Skip to main content
The Tandemn server should be treated as shared infrastructure. It receives job requests from users and coordinates execution across accelerated resources.

Deployment checklist

1

Choose a server host

Pick a machine in your AWS environment that CLI users and EC2 inference replicas can reach.
2

Prepare AWS access

Configure AWS credentials, IAM permissions, S3 bucket access, and quota visibility.
3

Clone the server repository

Fetch the Tandemn server repository and submodules.
4

Run setup

Install dependencies, verify AWS and Redis connectivity, and create .env.
5

Start Redis

Run Redis for chunked multi-replica jobs.
6

Start the control plane

Run python server.py --url <public-or-private-url>.
7

Verify from a client

Run tandemn check from a separate machine using the public server URL.

Commands

git clone --recurse-submodules https://github.com/Tandemn-Labs/Tandemn-server.git
cd Tandemn-server
bash setup.sh
docker run -d -p 6379:6379 redis
python server.py --url https://your-public-url.example.com

Operating model

The administrator owns the server deployment, AWS credentials, S3 bucket, Redis, environment configuration, network exposure, and cluster access.
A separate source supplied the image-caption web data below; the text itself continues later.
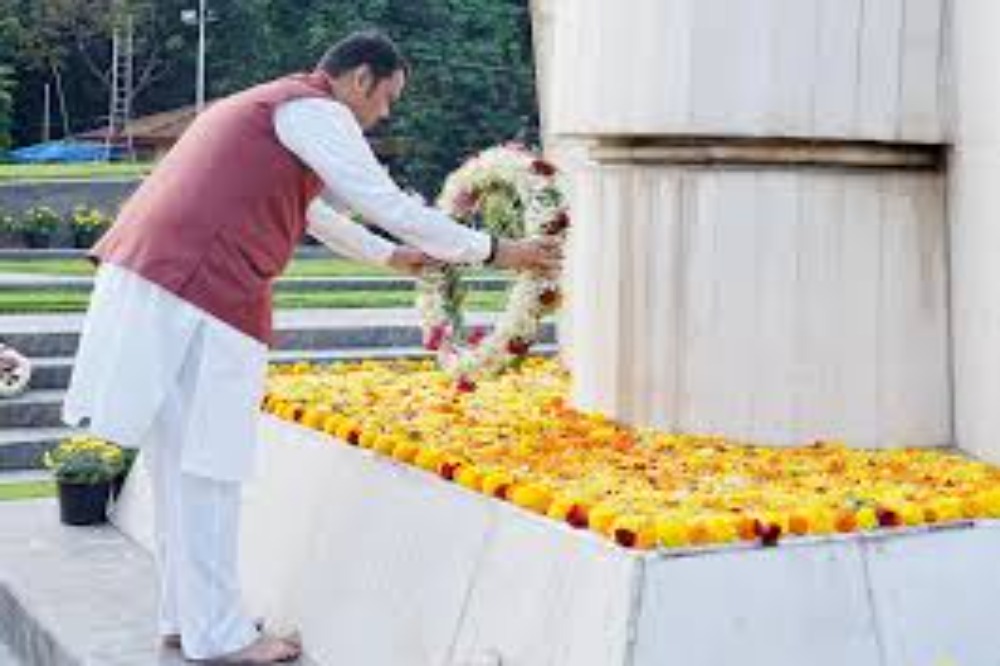 महाराष्ट्र दिनाच्या निमित्ताने मुख्यमंत्री फडणवीस यांचं हुतात्म्यांना श्रद्धांजली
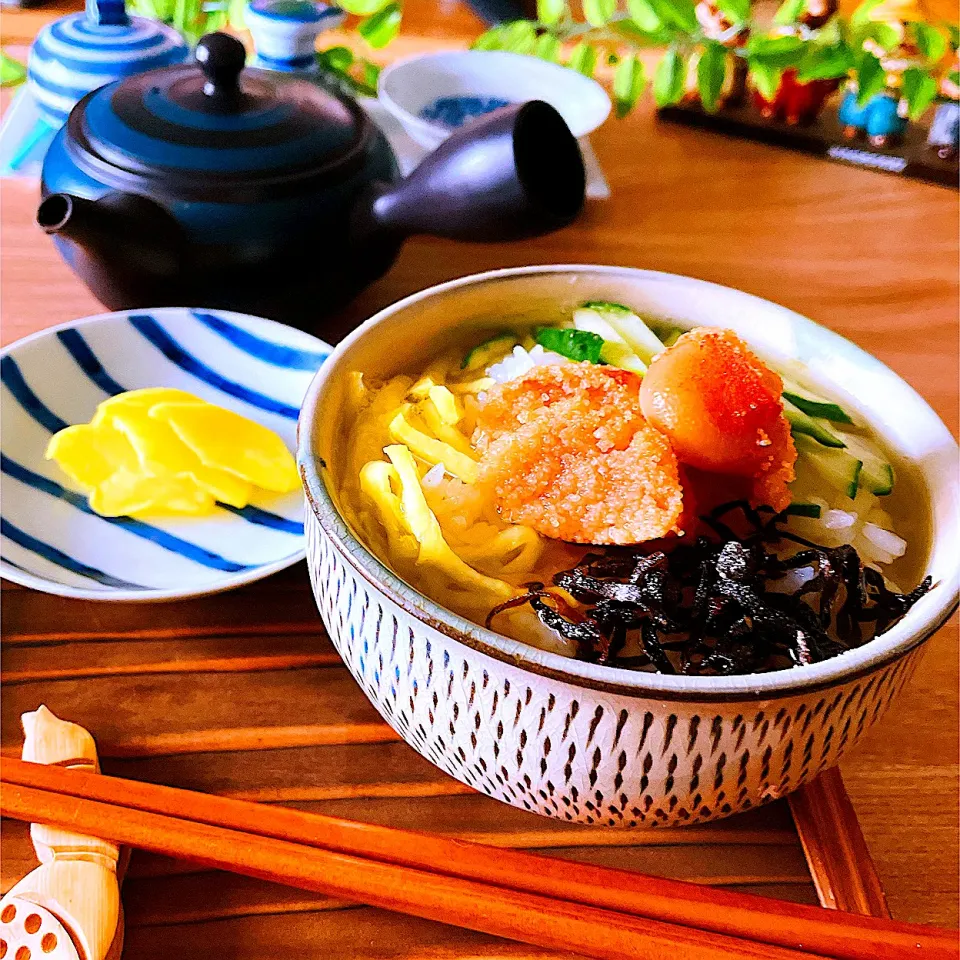 今朝はさっぱりと　炙りたらこのお茶漬け🍚😋　たらこの味を邪魔しない塩こんぶ、千切り大根、千切りきゅうりもトッピング|Sの食卓さん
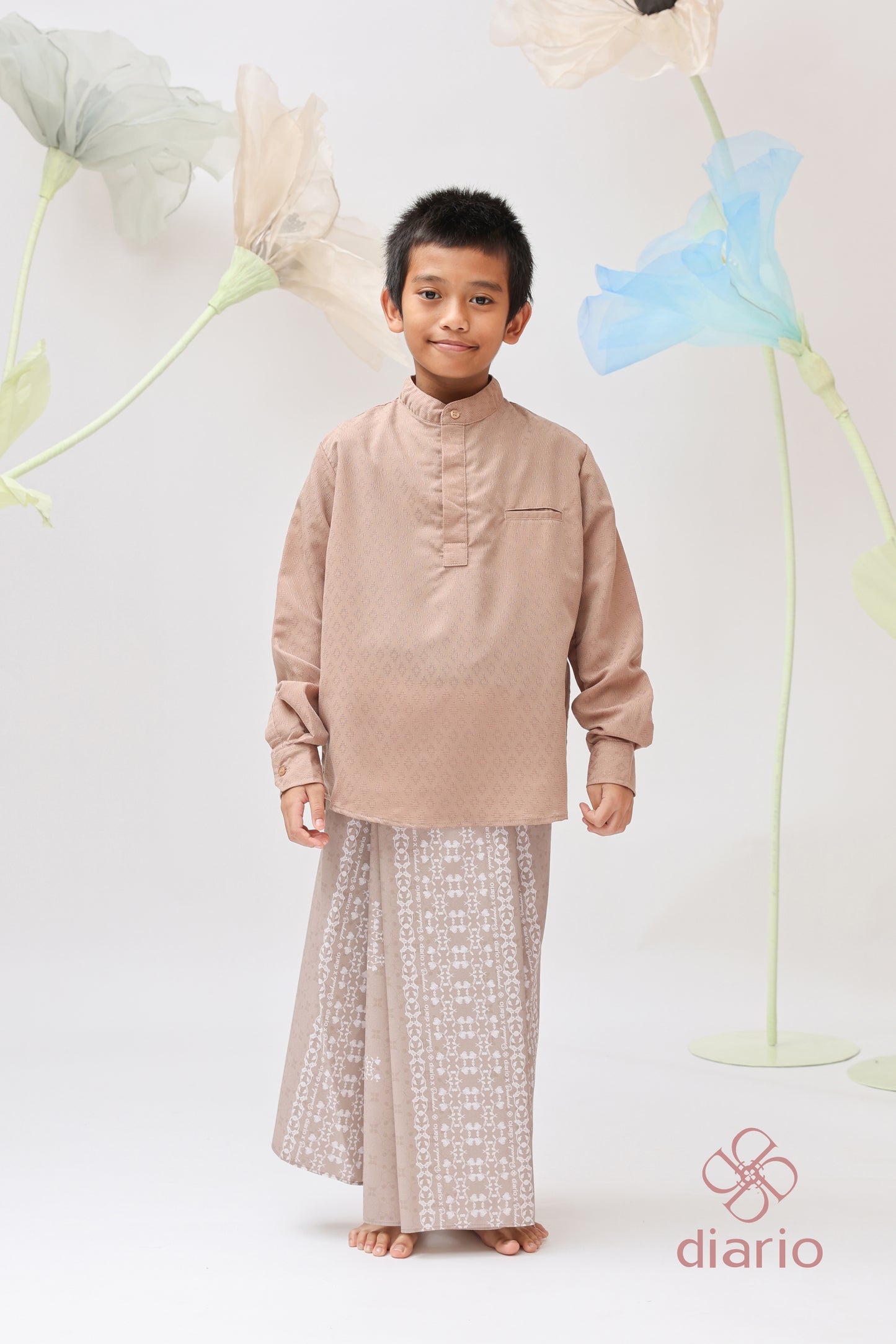 Diario x Dwihanda - Sarung Anak Rekah Series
Users own their prompt files, model choices, SLOs, and CLI environment.
Document the server URL, supported models, and expected SLO values for your users before sharing access.

Network model

For local development, the control plane can be exposed through a tunnel or VPN. For production, deploy the control plane on a small EC2 instance in the same VPC as the inference replicas to avoid public exposure and tunnel latency.

Updates

When a new Tandemn server version is available, review the release notes, back up deployment-specific configuration, and update in a controlled maintenance window.